What do pub chefs think are the most iconic British dishes?

By Daniel Woolfson

- Last updated on GMT

Steve Smith: British food defined by quality of ingredients
Steve Smith: British food defined by quality of ingredients

Related tags: Pub chefs, Beef, Meat

The pub is widely accepted to be the spiritual home of traditional British cooking, with pub chefs across the country becoming renowned for their dedication to fresh, local produce.

So to coincide with British Food Fortnight (19 Sept – 4 Oct), the PMA​ asked some of the nation’s top pub chefs the dishes they thought best summed up British cuisine.

Emotions

Matthew Nason, head chef at Devon freehold the Jack in the Green, said: “For various different reasons, I would have to say the Christmas pudding. As a chef whose heart is very much bound by the emotions of life

“I’ve always worked in the West Country and I’m very much a family person – making a Christmas pudding at home with the kids just personifies what food is all about.

Matthew Nason:
It's about making it and eating it, not just cooking foie gras and wild mushrooms for customers at Michelin star level 

“It’s about making it and eating it, not just cooking foie gras and wild mushrooms for customers at Michelin star level, it’s about sitting round a table and enjoying it, having a hand it and knowing where it’s come from,” he added.

Iconic

Mark Dodson, chef patron of fellow Devon pub the Masons Arms, said the obvious choice for the most iconic British dish would be something like roast beef with Yorkshire puddings.

“Those really traditional dishes – think pies and game dishes – are earth, very heavy. But I think now there’s a movement of chefs who want to lighten those things up which I think is great,” he said.

“I think the secret is to still have those flavours but without floury, heavy sauces.
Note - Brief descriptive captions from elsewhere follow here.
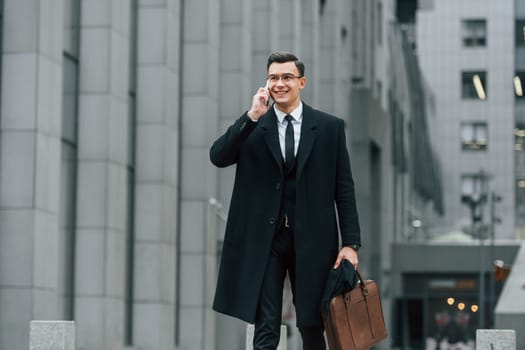 With smartphone. Businessman in black suit and tie is outdoors in the city.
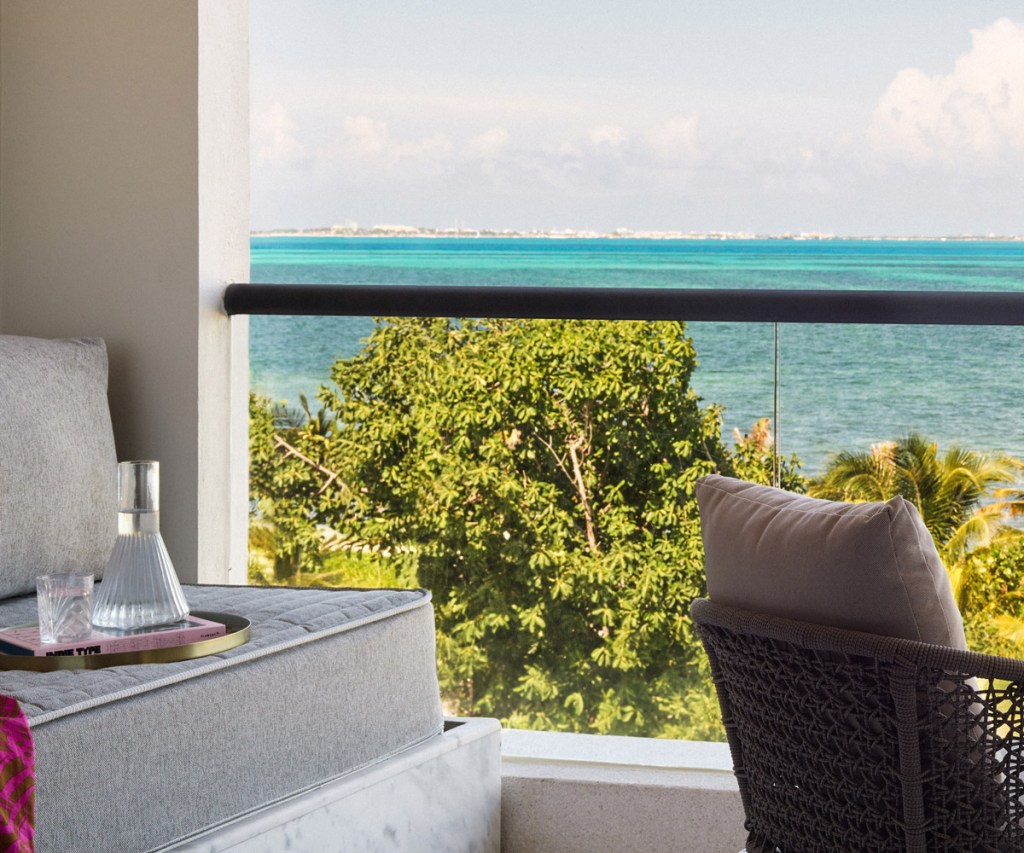 a plush seating area on the patio with views of the ocean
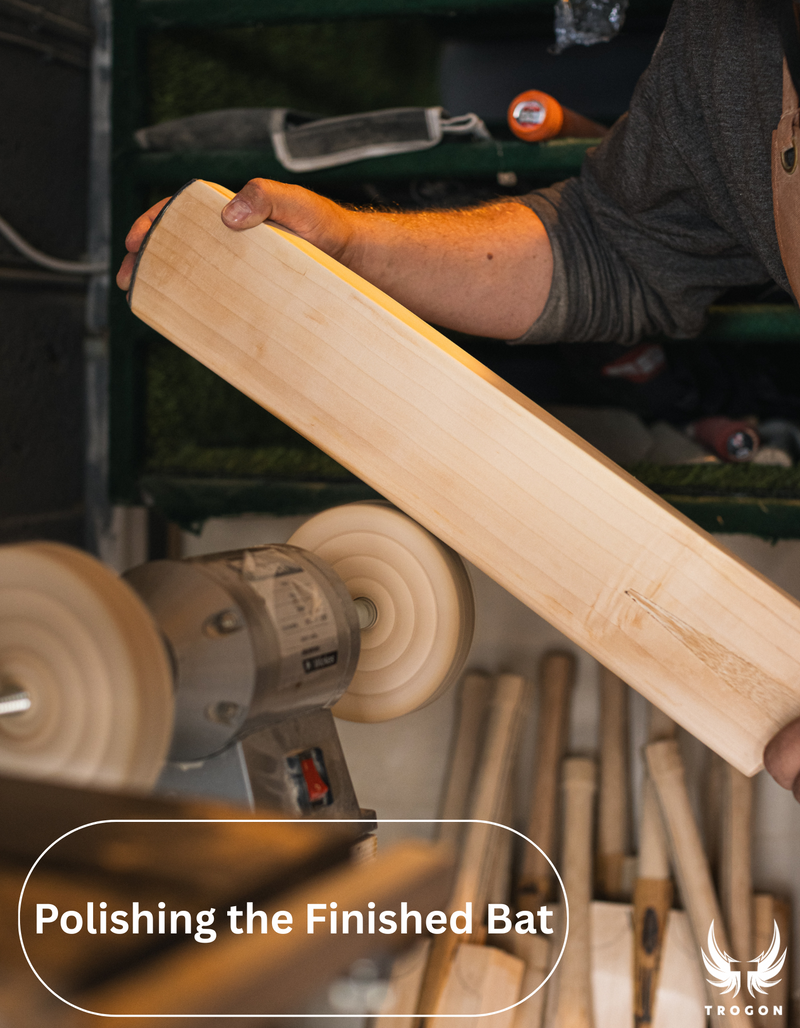 Person polishing a wooden bat with a buffer in a workshop setting - Trogon cricket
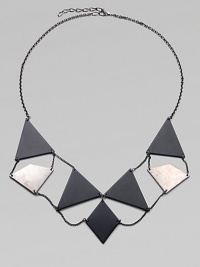 This striking two-tone statement piece offers geometric brass plaques chained together in a fascinating pattern.BrassHematite and black powdercoat finishesHematite-finish chainLength, about 30½ with extenderWidth, about 3½Lobster claspMade in USA This striking two-tone statement piece offers geometric brass plaques chained together in a fascinating pattern.BrassHematite and black powdercoat finishesHematite-finish chainLength, about 30½ with extenderWidth, about 3½Lobster claspMade in USA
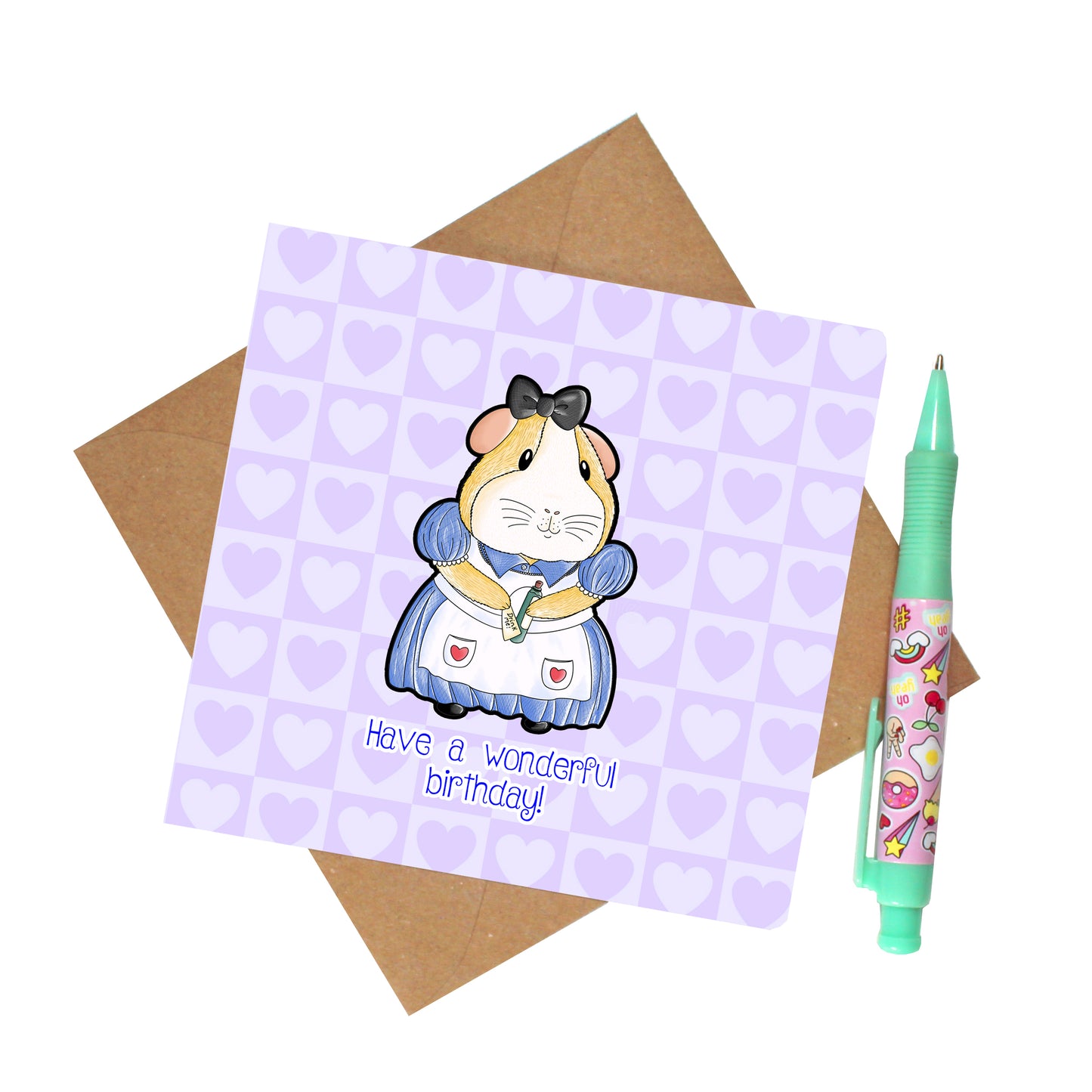 Alice In Piggy Land - Guinea Pig Birthday Card, top view of the card with recycled envelope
You can lighten them up without being silly.”

Heritage

British food is first and foremost defined by the quality of ingredients, according to Steven Smith, chef patron of the Freemasons at Wiswell​, Lancashire.

“If you think of the main three [meats] – lamb, beef and pork – it’s the best in the world, or some of the best in the world at the very least,” he said.

“It’s very nostalgic for people. I think people generally wake up on a Sunday and think ‘roast beef’. If you look at North America for instance, there isn’t really a food culture, it’s just a mish-mash of all the people that are there. But things like roast beef really are a part of our culture.”

He added: “And you can’t say that fish & chips done fantastically isn’t a brilliant dish. Things like that; fish pie, shepherd’s pie, even something like asparagus with poached egg or a great piece of poached wild salmon, these are all absolutely iconic British dishes.”